┌──
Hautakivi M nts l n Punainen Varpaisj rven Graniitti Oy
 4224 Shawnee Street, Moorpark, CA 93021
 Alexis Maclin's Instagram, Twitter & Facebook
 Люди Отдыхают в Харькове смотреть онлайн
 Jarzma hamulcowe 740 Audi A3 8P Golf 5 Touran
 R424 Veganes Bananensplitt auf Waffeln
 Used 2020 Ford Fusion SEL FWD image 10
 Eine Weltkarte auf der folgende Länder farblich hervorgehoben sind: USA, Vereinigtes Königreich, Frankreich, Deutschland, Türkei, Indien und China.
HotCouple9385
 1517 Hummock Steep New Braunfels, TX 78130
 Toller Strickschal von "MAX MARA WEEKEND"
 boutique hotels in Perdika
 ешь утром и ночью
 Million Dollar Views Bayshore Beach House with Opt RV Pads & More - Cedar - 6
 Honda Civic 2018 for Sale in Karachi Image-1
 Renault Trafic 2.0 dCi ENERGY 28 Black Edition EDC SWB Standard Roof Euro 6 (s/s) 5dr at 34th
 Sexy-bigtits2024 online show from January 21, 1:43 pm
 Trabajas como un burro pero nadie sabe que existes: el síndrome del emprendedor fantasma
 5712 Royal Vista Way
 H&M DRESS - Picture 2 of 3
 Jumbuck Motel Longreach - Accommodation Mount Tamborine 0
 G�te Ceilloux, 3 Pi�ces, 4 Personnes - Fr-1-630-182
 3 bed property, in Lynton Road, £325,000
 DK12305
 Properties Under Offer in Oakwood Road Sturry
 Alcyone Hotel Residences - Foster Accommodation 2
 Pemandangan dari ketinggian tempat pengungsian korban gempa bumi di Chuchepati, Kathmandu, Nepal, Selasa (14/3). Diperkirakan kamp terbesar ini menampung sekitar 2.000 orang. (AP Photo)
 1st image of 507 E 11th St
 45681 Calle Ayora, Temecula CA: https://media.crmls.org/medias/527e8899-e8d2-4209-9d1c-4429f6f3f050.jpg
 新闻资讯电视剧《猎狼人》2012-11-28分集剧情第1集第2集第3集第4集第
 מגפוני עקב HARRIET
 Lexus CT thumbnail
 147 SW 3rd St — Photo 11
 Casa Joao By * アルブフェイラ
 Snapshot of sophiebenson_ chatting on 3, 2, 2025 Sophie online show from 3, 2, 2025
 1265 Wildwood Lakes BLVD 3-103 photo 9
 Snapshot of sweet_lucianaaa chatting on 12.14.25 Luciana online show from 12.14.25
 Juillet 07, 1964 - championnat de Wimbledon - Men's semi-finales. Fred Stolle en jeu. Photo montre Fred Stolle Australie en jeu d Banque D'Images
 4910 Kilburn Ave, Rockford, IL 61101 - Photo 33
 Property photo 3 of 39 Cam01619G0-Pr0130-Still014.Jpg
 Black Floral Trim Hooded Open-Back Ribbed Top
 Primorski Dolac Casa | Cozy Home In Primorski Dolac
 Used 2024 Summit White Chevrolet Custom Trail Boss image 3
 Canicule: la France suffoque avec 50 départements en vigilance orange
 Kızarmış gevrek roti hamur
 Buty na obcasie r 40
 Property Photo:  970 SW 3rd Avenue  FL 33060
└──
When you answer, output each line of the data exactly as given, from its first line up to and including the one with "HotCouple9385".

Hautakivi M nts l n Punainen Varpaisj rven Graniitti Oy
 4224 Shawnee Street, Moorpark, CA 93021
 Alexis Maclin's Instagram, Twitter & Facebook
 Люди Отдыхают в Харькове смотреть онлайн
 Jarzma hamulcowe 740 Audi A3 8P Golf 5 Touran
 R424 Veganes Bananensplitt auf Waffeln
 Used 2020 Ford Fusion SEL FWD image 10
 Eine Weltkarte auf der folgende Länder farblich hervorgehoben sind: USA, Vereinigtes Königreich, Frankreich, Deutschland, Türkei, Indien und China.
HotCouple9385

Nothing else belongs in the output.